Making Microsoft Word Documents Accessible

Accessibility checker

Microsoft Word (2016 version for Windows and Mac) has a built-in accessibility checker. The tool is designed to aid an individual in determining a document’s accessibility issues. It does not cover all accessibility topics however, it does cover most of them and can be a time saver.

The tool will scan a document and present a series of errors and warnings. Any issue can be reviewed by clicking on it, allowing the user to be presented with information on why and how to fix. 

The accessibility checker can be accessed through the ribbon by going to File -> Check for Issues -> Check Accessibility.


Heading styles

Heading styles help your documents stand out, allowing a reader to quickly scan it for desired content. Additionally, the use of heading styles develops document navigation, allowing a reader to jump to a desired place in a document. This gives heading styles a significant advantage over simply increasing text font size to denote a document section.

Heading styles are found on the Home tab of the ribbon, in the Styles section. Highlight the desired heading text, then click the heading style.
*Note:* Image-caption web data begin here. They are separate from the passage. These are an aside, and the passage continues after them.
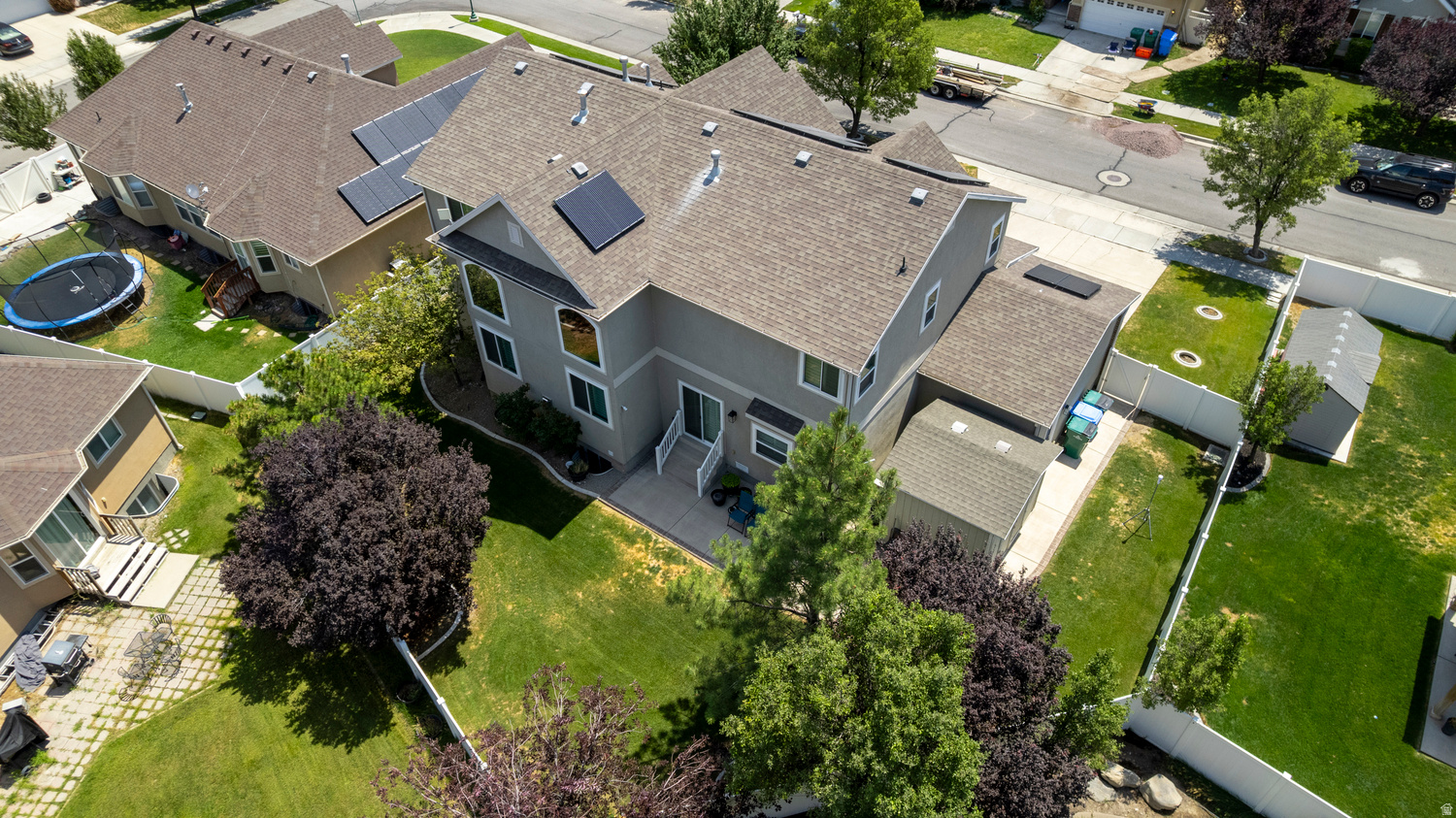 MONARCH MEADOWS - Residential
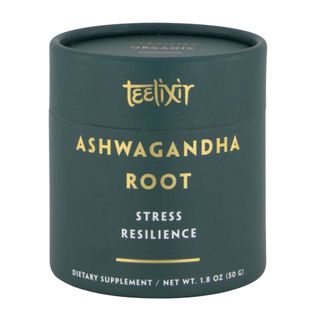 Teelixir Ashwagandha Root 50g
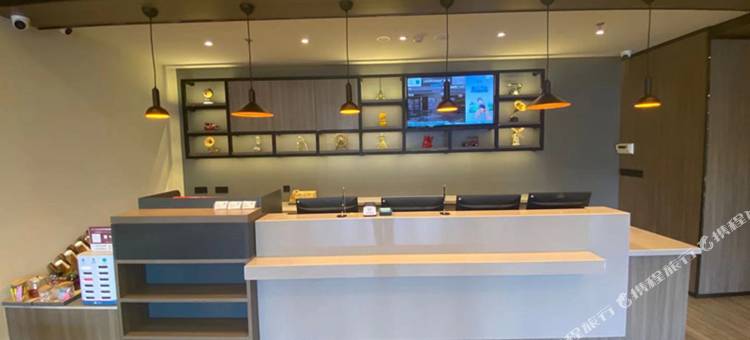 汉庭酒店(吉林火车站西广场店)图片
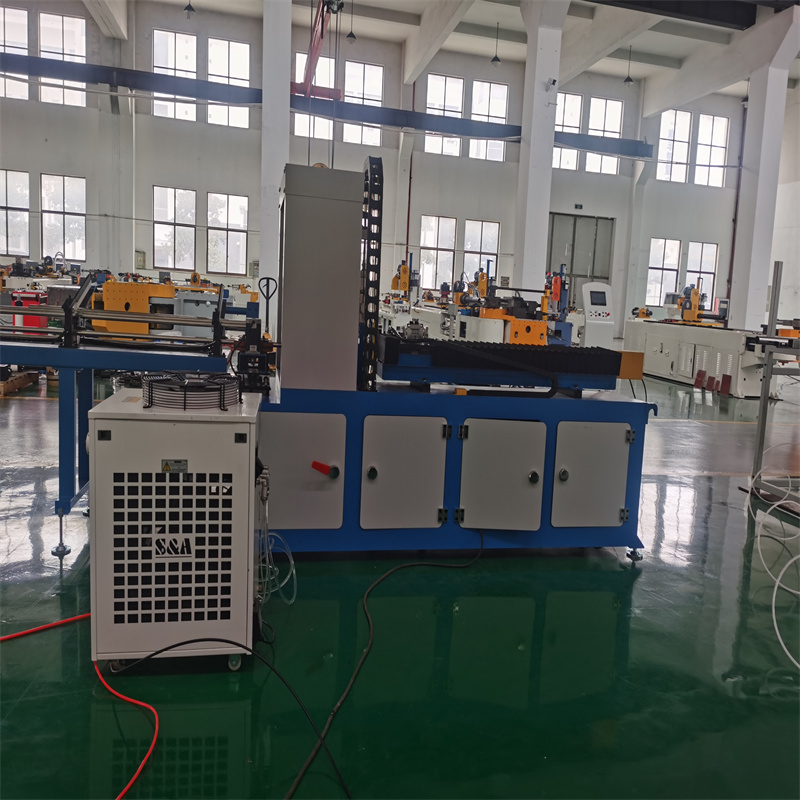 Автомат для резки лазера волокна 3015 для листовой стали углерода трубки металла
Headings should be used in a hierarchy, much like an outline.

Microsoft Word heading styles require an adjustment in color contrast. After designating text as a heading, select a darker text color. Next, right click on the heading style just used within the ribbon. Finally, Update heading to Match Selection. This will allow your darker heading color to be used throughout your document.



Images need descriptive alternative text (alt text) to ensure that a non-visual method of representing an image is available for those who need it. Word provides a method of creating an alt text title and description. Select an image within a document, right click, then select Format Picture. The Format Picture pane will appear. Toggle to the Layout & Properties section, then select Alt Text.



Using lists in a document help to give it structure. Ordered, or numbered, lists are typically used for processes like steps of a task, a series of assignments to complete, or anything that follows a sequence. Unordered lists, like bullet points, are used for items without a sequence.



Links to any external web site should be descriptive for a document read on a computer of mobile device. A fully visible link is needed for a printed document, preferably with context of its purpose.



Tables are best used for data purposes rather than document layout. Data tables allow for data to be displayed as a grid or matrix, or simply delineate data by relevant rows and columns.


Color contrast

Color selection should be considered when creating a document. When text is hard to read, individuals often bypass sections of a document or simply become unable to understand the document.

A general rule of thumb: If it’s hard to read for the person writing it, then it’s hard to read for the person reading it.

File names

It’s necessary to consider how a file is named when it is saved. Files using meaningful names are easier to find than those using complicated names. For example, a syllabus for College 101 during the Fall semester is better named as “College 101 Syllabus – Fall 2017.docx” rather than “C101sylf17.docx”.